Source records section start

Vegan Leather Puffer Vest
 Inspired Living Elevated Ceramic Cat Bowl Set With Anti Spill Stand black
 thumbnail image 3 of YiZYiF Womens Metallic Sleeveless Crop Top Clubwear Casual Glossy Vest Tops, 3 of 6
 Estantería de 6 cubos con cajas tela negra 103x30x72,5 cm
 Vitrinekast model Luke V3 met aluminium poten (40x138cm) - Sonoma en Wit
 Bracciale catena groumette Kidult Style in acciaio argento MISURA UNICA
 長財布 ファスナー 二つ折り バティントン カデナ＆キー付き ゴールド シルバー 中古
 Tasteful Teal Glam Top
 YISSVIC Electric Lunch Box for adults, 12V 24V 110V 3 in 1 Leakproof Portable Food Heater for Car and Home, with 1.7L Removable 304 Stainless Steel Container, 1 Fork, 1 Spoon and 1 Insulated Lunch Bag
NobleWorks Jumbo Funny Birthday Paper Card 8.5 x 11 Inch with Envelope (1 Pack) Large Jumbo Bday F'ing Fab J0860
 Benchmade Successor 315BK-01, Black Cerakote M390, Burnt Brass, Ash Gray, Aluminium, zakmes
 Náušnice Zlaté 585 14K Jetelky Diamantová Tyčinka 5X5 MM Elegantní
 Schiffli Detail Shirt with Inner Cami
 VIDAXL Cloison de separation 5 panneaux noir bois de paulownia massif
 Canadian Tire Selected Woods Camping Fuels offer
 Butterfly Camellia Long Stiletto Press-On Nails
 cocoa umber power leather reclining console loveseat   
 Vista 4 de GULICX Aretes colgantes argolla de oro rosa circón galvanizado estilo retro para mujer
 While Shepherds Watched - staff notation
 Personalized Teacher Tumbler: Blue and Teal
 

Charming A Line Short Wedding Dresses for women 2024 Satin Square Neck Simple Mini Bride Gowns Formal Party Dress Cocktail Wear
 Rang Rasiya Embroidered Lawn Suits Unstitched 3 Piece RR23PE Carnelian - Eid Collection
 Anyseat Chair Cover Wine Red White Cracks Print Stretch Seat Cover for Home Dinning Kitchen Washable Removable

Source records section end

Task item: Transcribe, exactly and without additions, the lines of the records above, beginning with the line that contains "cocoa umber power" and ending with the line that contains "Charming A Line", both included.

Worked solution:
 cocoa umber power leather reclining console loveseat   
 Vista 4 de GULICX Aretes colgantes argolla de oro rosa circón galvanizado estilo retro para mujer
 While Shepherds Watched - staff notation
 Personalized Teacher Tumbler: Blue and Teal
 

Charming A Line Short Wedding Dresses for women 2024 Satin Square Neck Simple Mini Bride Gowns Formal Party Dress Cocktail Wear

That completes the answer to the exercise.